[Work to be completed] Leaving out the pictures, return each line of the entries from the first through the line with "Mecklenburg, Landscape with", and only those lines.
##### Input for this task #####
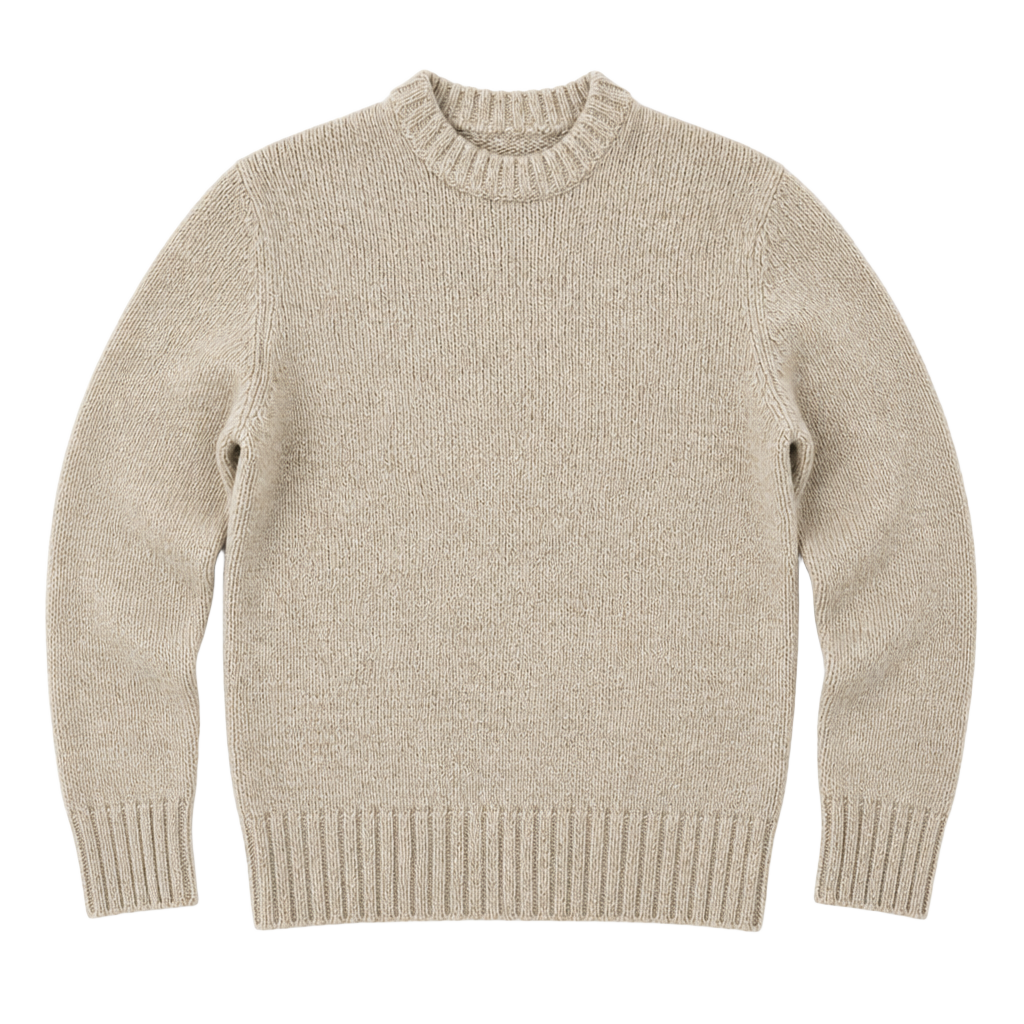 Woolrich Crewneck Sweater Tan Marled Chunky Knit 1
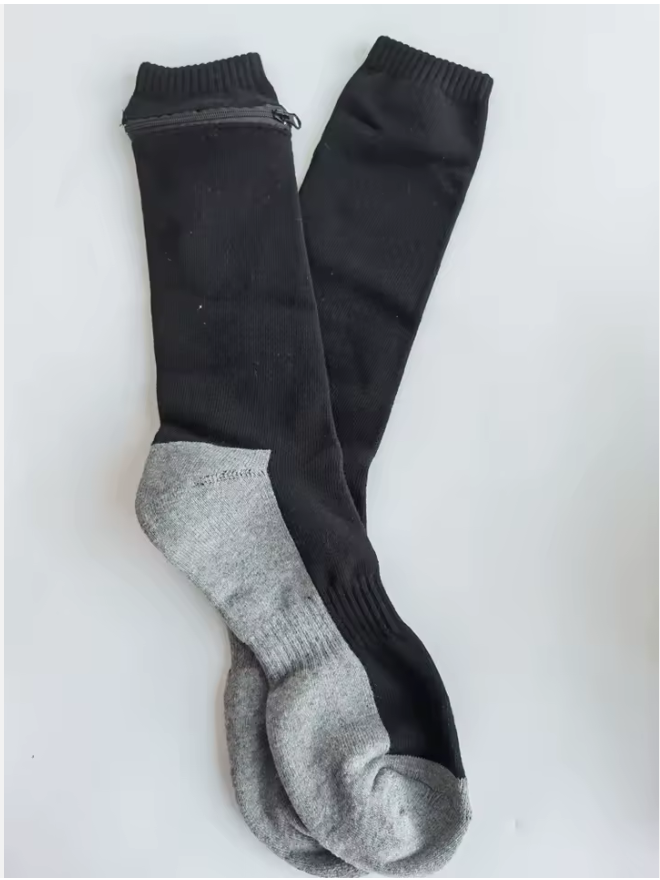 Security Travel Socks with Hidden Zipper Pocket – Keep Cash, Cards & Passport Safe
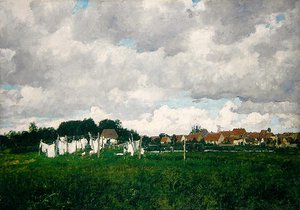 Mecklenburg, Landscape with the Little Town of Schwann on the Warnow by Paul Baum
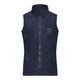 Gilet en polaire polyester bleu marine avec fermeture clair intgrale et poches latrales.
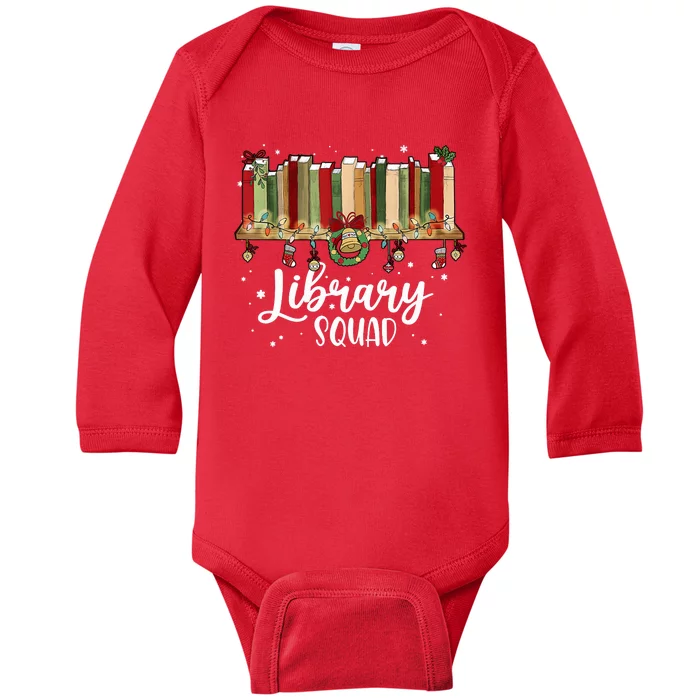 Library Squad Christmas Vintage Book Lovers Baby Long Sleeve Bodysuit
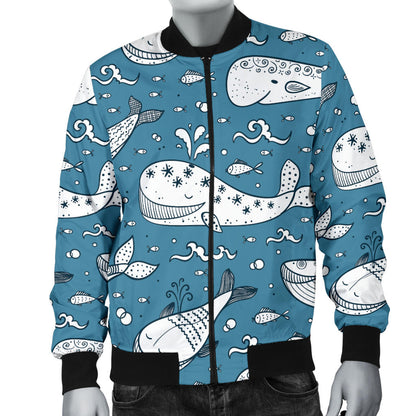 Humpback Whale Pattern Print Design 03 Men Bomber Jacket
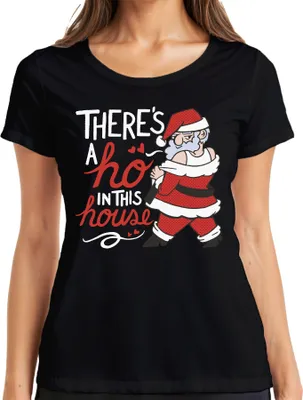 Produktbild von There's a ho in this house Santa - Weihnachten Weihnachtsgeschenk Christmas Damen T-Shirt, Schwarz, XXL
#####
[Response to the exercise]
 Woolrich Crewneck Sweater Tan Marled Chunky Knit 1
 Security Travel Socks with Hidden Zipper Pocket – Keep Cash, Cards & Passport Safe
 Mecklenburg, Landscape with the Little Town of Schwann on the Warnow by Paul Baum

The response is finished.